Welcome back to my Home Movies! This week, we have the wonderful early year surprise Lisa Frankenstein leading the charge. However, today also includes a lot of other little titles worth your while. They include Fallen Leaves, It’s a Wonderful Knife, and Which Brings Me to You. Read on for more…
Lisa Frankenstein
I was delighted by Lisa Frankenstein. Pitch black, funny, but full of both heart and wit, it has so much to offer. That it wasn’t a hit with audiences truly bummed me out. However, you all have a second bite at the apple here on home video. Let my rave review here inspire you, including this opening salvo about Zelda Williams and Diablo Cody‘s little gem:
You all know that I love when a movie sneaks up on me. The talent involved in Lisa Frankenstein had me very intrigued. After all, I love Diablo Cody‘s writing, Kathryn Newton has impressed me on more than one occasion, and I was eager to see Zelda Williams up to bat. Even so, I was expecting to probably be amused by this flick, at worst.

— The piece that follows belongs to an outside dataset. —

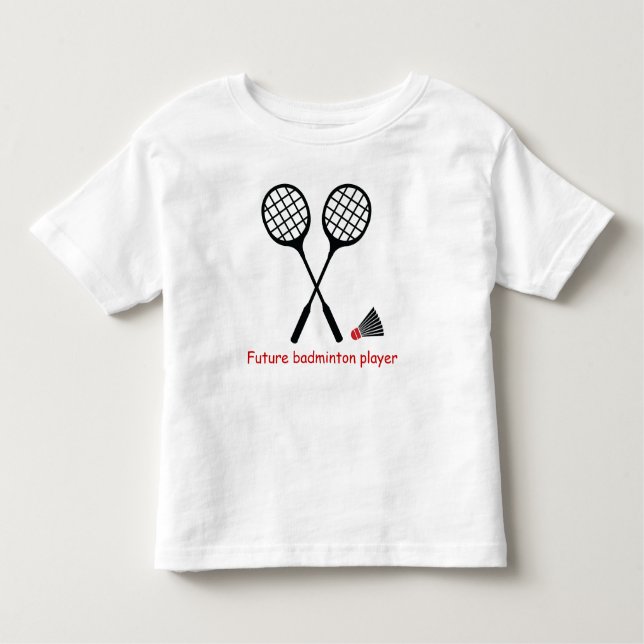 Camiseta Infantil Futuro jogador de embotamento, raquete e shuttleco (Frente)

So, consider me almost shocked at how much I out and out loved this film. Lisa Frankenstein is one of my favorite films of the year so far, which I did not have on my dance card. Regardless, this is a wild gem.
Lisa Frankenstein is Heathers by way of, you know, Frankenstein. It’s almost as if the best elements of Tim Burton have been filtered away from his worst impulses, put into a blender with the Mary Shelley classic, and sprinkled with Cody’s specific sort of dialogue. It may sound like a weird mix, but trust me that it works in a massive way. I had an amazing time with this film.
Doom Patrol: The Complete Fourth and Final Season (TV)
It’s a Wonderful Knife (Interview here with writer Michael Kennedy)
Monster
Winnie the Pooh: Blood & Honey
Picnic at Hanging Rock
From The Criterion Collection: “This sensual and striking chronicle of a disappearance and its aftermath put director Peter Weir on the map and helped usher in a new era of Australian cinema. Based on an acclaimed 1967 novel by Joan Lindsay, Picnic at Hanging Rock is set at the turn of the twentieth century and concerns a small group of students from an all-female college who vanish, along with a chaperone, while on a St. Valentine’s Day outing. Less a mystery than a journey into the mystic, as well as an inquiry into issues of class and sexual repression in Australian society, Weir’s gorgeous, disquieting film is a work of poetic horror whose secrets haunt viewers to this day.”